Kyle Schwarber hits go-ahead homer as Phillies win fifth consecutive series with 3-1 victory over Red Sox
Published in Baseball
BOSTON — Ranger Suárez wore the same jersey number (55), warmed up to the same Kid Cudi track (“Mr. Rager”), and threw the same six-pitch kitchen sink.
Only this time, he did it all against the Phillies.
How strange.
But as much as some things change, others never do. Take, for instance, Kyle Schwarber crushing baseballs to the most remote regions in Fenway Park.
Schwarber did it again here Thursday night, smashing a cutter over the right-field bullpen to snap a scoreless stalemate in the eighth inning of a rain-delayed 3-1 victory over the Red Sox.
The Phillies became the first team since the 2005 Mets to win five consecutive series after dropping six series in a row, a 180-degree about-face since interim manager Don Mattingly took over on April 28.
A matchup ordained by the baseball gods, pitting the lefty the Phillies let leave (Suárez) against the one in whom they invested (Jesús Luzardo), lived up to the billing. They dueled into the sixth inning, bending ever so slightly, never breaking.
But it was decided by Schwarber, who hit his majors-leading 18th homer and his seventh in the last seven games.
And Fenway is his personal playground.
The numbers are staggering. In 29 games in this 114-year-old ballpark, including a two-month stint with the Red Sox in 2021, Schwarber is 33 for 99 (.333) with eight homers and a 1.139 OPS that ranks slightly behind Hall of Famers Frank Robinson (1.188) and Ted Williams (1.149) and ahead of Jimmie Foxx (1.099) and Lou Gehrig (1.088).
How’s that for company?
“And he’s on our side,” Mattingly said before the game, almost in awe of his good fortune to no longer have to figure out how to deal with Schwarber. “He’s on my team, so it’s a lot better.”
Suárez and Luzardo had both turned over to the game to their respective bullpens when Schwarber came to the plate against Red Sox lefty Tyler Samaniego in the eighth inning. He took three balls and looked at a sinker at the knees for a called strike.

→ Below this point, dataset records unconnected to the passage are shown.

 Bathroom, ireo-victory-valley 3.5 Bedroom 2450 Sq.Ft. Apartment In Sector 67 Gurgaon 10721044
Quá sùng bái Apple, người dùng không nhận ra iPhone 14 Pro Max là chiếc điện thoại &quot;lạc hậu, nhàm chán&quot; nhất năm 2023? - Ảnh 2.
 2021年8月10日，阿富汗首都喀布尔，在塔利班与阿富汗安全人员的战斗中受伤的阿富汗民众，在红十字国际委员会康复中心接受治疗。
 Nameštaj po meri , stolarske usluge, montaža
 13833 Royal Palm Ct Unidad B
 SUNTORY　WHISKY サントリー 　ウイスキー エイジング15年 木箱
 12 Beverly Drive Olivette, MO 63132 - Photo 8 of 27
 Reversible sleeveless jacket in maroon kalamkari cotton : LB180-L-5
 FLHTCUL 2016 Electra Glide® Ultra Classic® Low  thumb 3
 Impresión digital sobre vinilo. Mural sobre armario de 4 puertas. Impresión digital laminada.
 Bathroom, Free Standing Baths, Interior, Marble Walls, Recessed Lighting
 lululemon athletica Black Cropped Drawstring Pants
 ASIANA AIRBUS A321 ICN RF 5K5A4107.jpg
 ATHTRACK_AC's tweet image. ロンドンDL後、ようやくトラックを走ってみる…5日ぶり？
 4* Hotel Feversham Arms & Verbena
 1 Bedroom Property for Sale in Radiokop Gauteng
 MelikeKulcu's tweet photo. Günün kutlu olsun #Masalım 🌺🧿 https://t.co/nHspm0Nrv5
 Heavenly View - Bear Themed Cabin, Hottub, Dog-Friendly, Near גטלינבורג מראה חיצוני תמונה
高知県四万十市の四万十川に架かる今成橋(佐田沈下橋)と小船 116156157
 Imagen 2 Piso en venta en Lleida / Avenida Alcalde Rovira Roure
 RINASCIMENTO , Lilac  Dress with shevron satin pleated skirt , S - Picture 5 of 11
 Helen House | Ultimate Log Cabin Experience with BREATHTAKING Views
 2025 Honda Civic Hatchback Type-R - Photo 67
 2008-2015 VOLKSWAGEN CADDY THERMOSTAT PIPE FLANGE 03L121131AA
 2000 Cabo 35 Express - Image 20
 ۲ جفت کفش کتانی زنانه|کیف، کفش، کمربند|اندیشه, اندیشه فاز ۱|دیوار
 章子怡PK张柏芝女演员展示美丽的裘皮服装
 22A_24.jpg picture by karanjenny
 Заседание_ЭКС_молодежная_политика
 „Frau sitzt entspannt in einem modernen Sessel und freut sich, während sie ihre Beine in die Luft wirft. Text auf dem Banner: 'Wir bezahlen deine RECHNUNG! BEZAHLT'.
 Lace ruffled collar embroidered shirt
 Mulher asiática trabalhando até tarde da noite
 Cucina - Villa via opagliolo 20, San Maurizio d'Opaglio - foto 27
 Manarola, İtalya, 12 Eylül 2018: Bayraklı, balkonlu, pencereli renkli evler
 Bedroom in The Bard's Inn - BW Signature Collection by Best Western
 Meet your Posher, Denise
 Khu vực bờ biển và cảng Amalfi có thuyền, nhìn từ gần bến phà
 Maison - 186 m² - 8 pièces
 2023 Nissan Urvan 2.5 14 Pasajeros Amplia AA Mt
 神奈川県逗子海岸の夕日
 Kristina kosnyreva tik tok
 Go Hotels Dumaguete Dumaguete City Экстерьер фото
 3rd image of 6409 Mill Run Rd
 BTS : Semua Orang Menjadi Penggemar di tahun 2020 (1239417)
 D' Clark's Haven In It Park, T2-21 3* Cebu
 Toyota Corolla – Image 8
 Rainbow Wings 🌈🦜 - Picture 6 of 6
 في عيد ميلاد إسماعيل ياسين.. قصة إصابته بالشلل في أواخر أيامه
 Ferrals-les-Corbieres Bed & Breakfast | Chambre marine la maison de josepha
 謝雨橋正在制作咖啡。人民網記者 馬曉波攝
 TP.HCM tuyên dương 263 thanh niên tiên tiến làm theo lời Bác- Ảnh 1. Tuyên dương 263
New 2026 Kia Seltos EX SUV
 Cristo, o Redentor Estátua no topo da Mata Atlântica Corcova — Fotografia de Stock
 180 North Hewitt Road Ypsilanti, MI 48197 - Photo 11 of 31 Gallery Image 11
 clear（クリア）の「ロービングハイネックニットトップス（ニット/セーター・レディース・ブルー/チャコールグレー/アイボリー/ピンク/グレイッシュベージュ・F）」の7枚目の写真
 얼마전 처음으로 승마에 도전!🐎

The next pitch was a cutter, but in a similar location.
Schwarber doesn’t miss those.
The Phillies added a run in the eighth when a replay challenge awarded Bryson Stott with a two-out infield single with the bases loaded after he initially was ruled out at first base.
And after the Sox shaved the margin to 3-1 against lefty José Alvarado in the eighth, closer Jhoan Duran slammed the door in the ninth to push the Phillies to 12-4 under Mattingly after a 9-19 start.
Before all that, it was a Suárez-Luzardo staredown.
Suárez spent half his life with the Phillies, who signed him for $25,000 as a 16-year-old from Venezuela. He made his major league debut in 2018, pitched out of the bullpen before becoming a rotation mainstay, and saved his best for October, including a save in the pennant-clinching win over the Padres in 2022.
But Luzardo is younger and more durable. And rather than forking over a five-year, $140 million contract to bring back Suárez in free agency, the Phillies gave Luzardo a five-year, $135 million extension to keep him off the market next winter.
Suárez has pitched well so far for the Red Sox but left his previous start 11 days ago with right hamstring tightness. He appeared spry as ever in his return, retiring the first 11 Phillies before Bryce Harper‘s two-out walk in the fourth inning. The Phillies didn’t have a hit until Alec Bohm’s leadoff single in the fifth.
Luzardo nearly matched him. He left a runner on third base with one out in the third inning, picked off a runner in the fourth, and sidestepped a two-on, two-out spot in the fifth and a leadoff double in the sixth.